Published on: Jun 13, 2013

It's not all about corn, soybeans, wheat and beef in Nebraska. The state has a significant and growing forest resource. Since 2005, the amount of forested acres has increased by 200,000 acres to 1.52 million acres.

Most of these forested areas, about 88% of them, are owned by small, private landowners.

"Unfortunately, many existing woodlands are in relatively poor condition because they are often considered to be 'waste' areas on the farm and are managed as such," says Dennis Adams, Nebraska Forest Service extension forester at the University of Nebraska-Lincoln.

Many of these forested areas have a large potential. "These same areas, if managed properly, could yield substantial income from the periodic sale of wood products, plus enhanced wildlife habitat, watershed protection, and other environmental benefits," he adds.

Nebraska Foresters Want People To View Trees As A Crop
Nebraska Foresters Want People To View Trees As A Crop

By applying a few basic forestry management techniques such as thinning, weeding and pruning, the forest trees could grow to their maximum potential.
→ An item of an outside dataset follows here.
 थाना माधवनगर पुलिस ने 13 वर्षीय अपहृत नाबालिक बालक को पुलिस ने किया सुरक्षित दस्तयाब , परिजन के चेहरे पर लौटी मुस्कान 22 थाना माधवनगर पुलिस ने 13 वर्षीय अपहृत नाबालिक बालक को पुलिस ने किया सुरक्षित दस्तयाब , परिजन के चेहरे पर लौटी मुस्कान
Adams prefers to look at trees as another type of crop. "The objective of forest stand improvement practices is to distribute the total growth potential to a fewer number of desirable tree species and provide space to allow the crop trees to grow to their maximum potential."

Another aspect of taking care of trees is making sure that weeds are managed properly, without damaging the trees with the use of herbicides.

"Our trees are quite vulnerable to weed sprays," Adams says. "Wind carried herbicides may cause dieback of foliage and in many cases eventual death of the tree."

Adams stresses that it is important to exercise caution when using herbicides, so that it does not have unintended consequences on trees.

"Science has yet to create herbicides that can think, therefore spray goes wherever we aim it or wherever the wind carries it, and not always where we would like it," Adams explains. "We have the power to direct and control spraying, and only the individual on the spraying rig has the power to shut down the spraying operation when it gets too windy."